(Beginning of Data for this exercise)

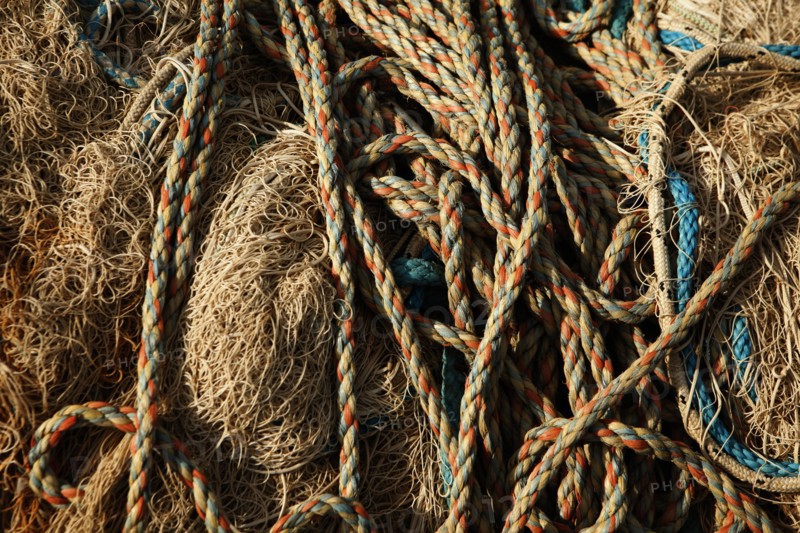 Ropes stacked on hay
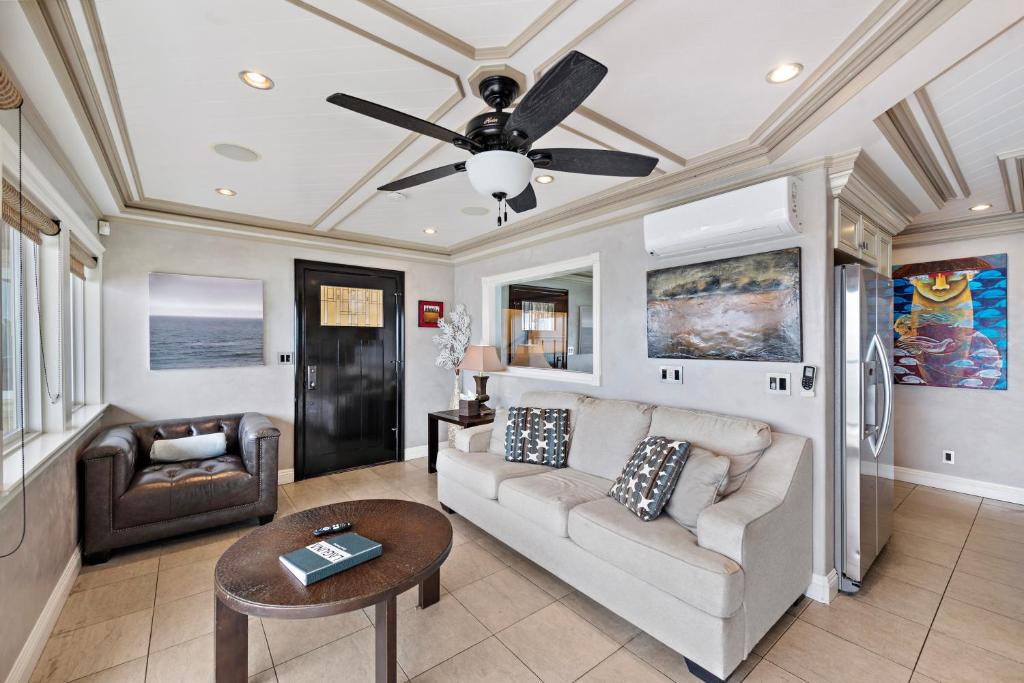 a living room with a couch and a ceiling fan at Villa Leone at the Retreat in Laguna Beach in Laguna Beach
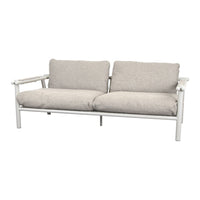 Light gray cushions on a white frame, featuring a soft, textured fabric for a modern, minimalist look.
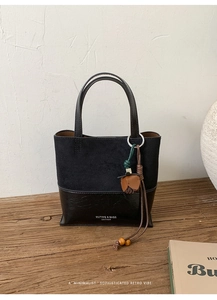 Detail of minimalist retro black suede bucket bag with leather flower charm on wooden table
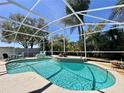 Enclosed pool with seating area and lush foliage at 2519 Cypress Trace Cir, Orlando, FL 32825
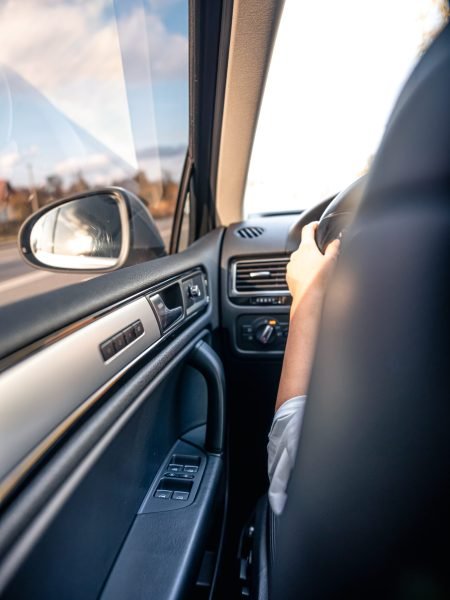 Car rear view mirror, view from inside the car, travel by personal transport.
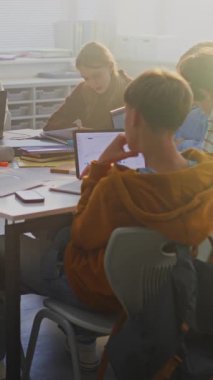 Genç Öğrenciler Paylaşılan Masanın Etrafına Yoğunlaşarak Karışık Laptoplar, Tabletler ve Defterler kullanarak Grup Projesi üzerinde Çalışıyor. Modern Öğrenme Ortamı Konsepti, Dijital Öğrenme, Takım Çalışması. Dikey Çekim.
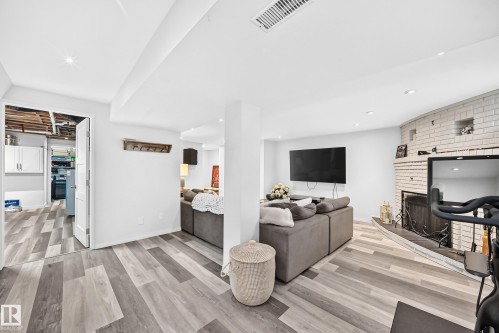 Recessed lighting, wood-finish flooring, and a white brick fireplace with a built-in hearth - 16406 87A Avenue Nw, Edmonton, AB - Indoor With Fireplace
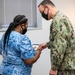 MA1 Damon Harris end-of-tour award ceremony; Civilian length-of-service award ceremony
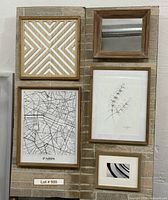 All five framed pieces displayed on wall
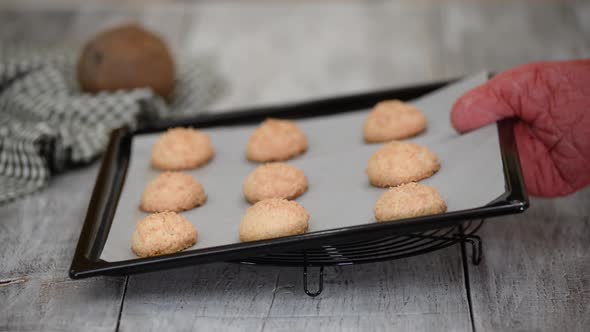 Coconut Cookies on a Baking Sheet From Oven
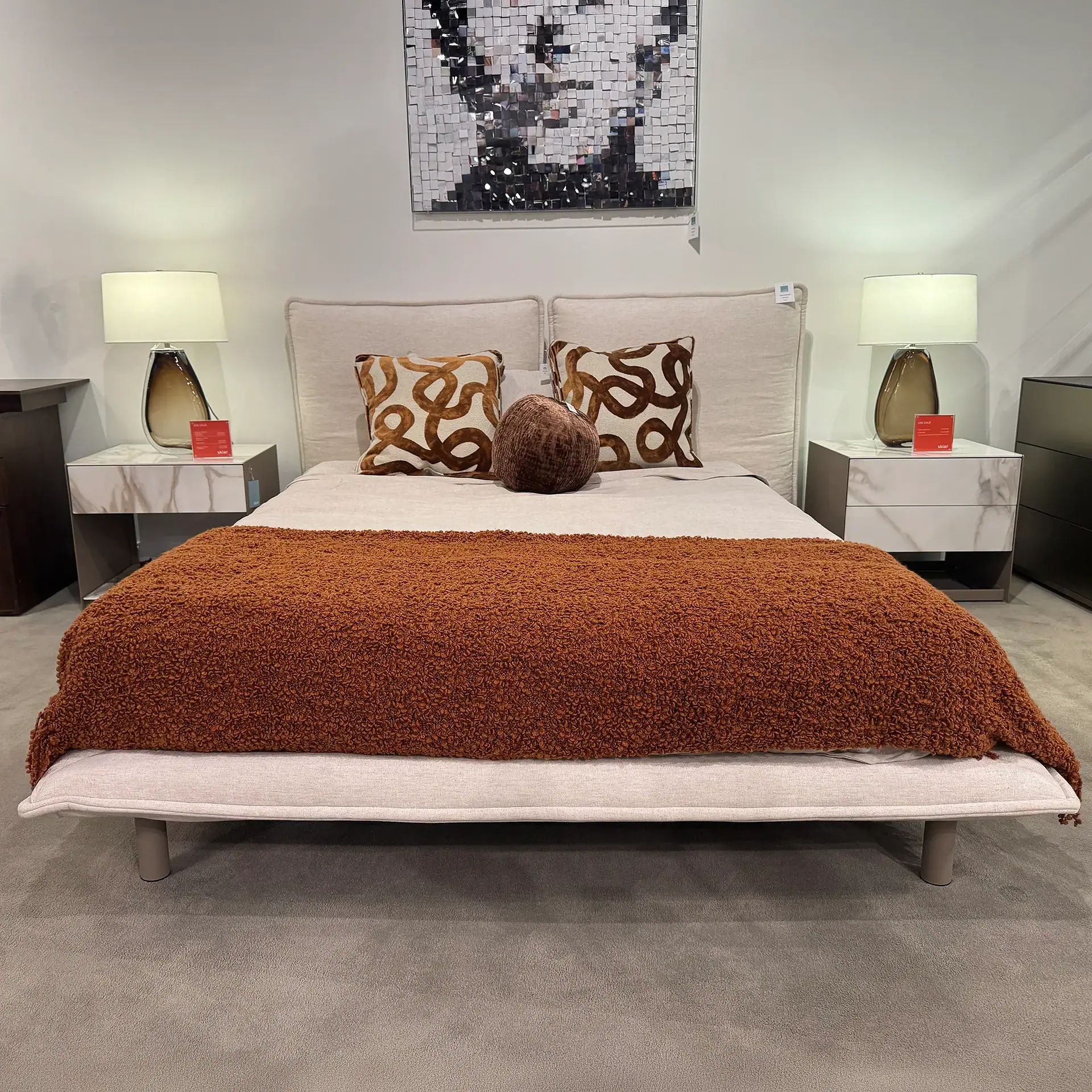Modern bedroom with Trica Haven queen bed, decorative pillows, and stylish lamps.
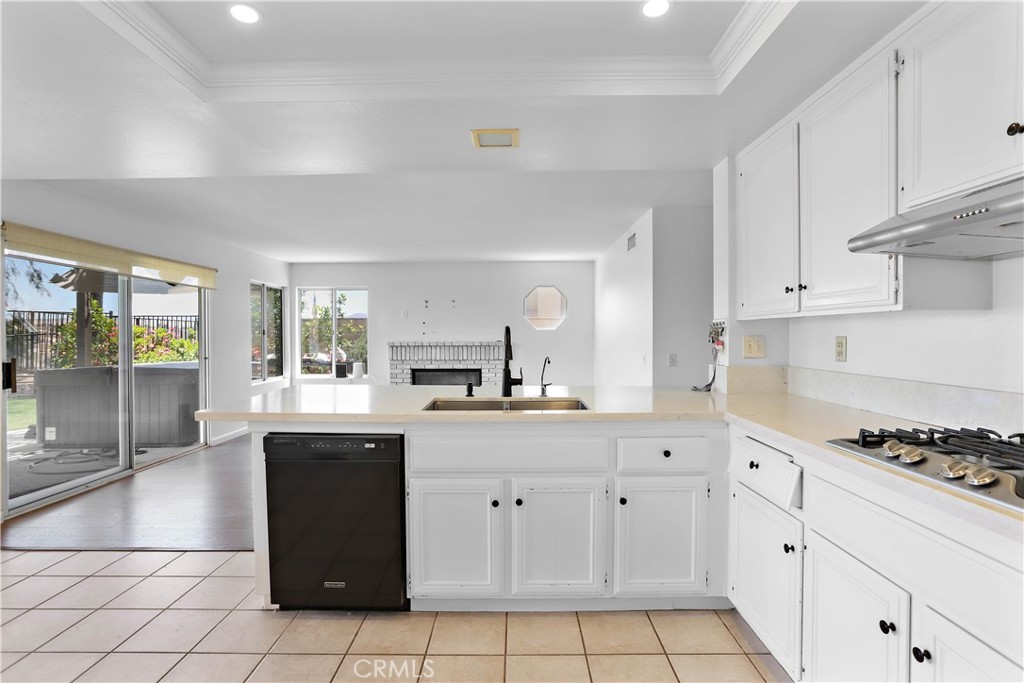 17316 Cold Spring Circle Riverside, CA 92503 - Photo 11 of 46 a kitchen with granite countertop white cabinets and white appliances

(End of Data for this exercise)

> [Problem to work on]:
Would you reproduce the lines from the one with "Recessed lighting, wood-finish" through the final line of the data above, exactly and only those, without any pictures?

> [Task solution]:
 Recessed lighting, wood-finish flooring, and a white brick fireplace with a built-in hearth - 16406 87A Avenue Nw, Edmonton, AB - Indoor With Fireplace
 MA1 Damon Harris end-of-tour award ceremony; Civilian length-of-service award ceremony
 All five framed pieces displayed on wall
 Coconut Cookies on a Baking Sheet From Oven
Modern bedroom with Trica Haven queen bed, decorative pillows, and stylish lamps.
 17316 Cold Spring Circle Riverside, CA 92503 - Photo 11 of 46 a kitchen with granite countertop white cabinets and white appliances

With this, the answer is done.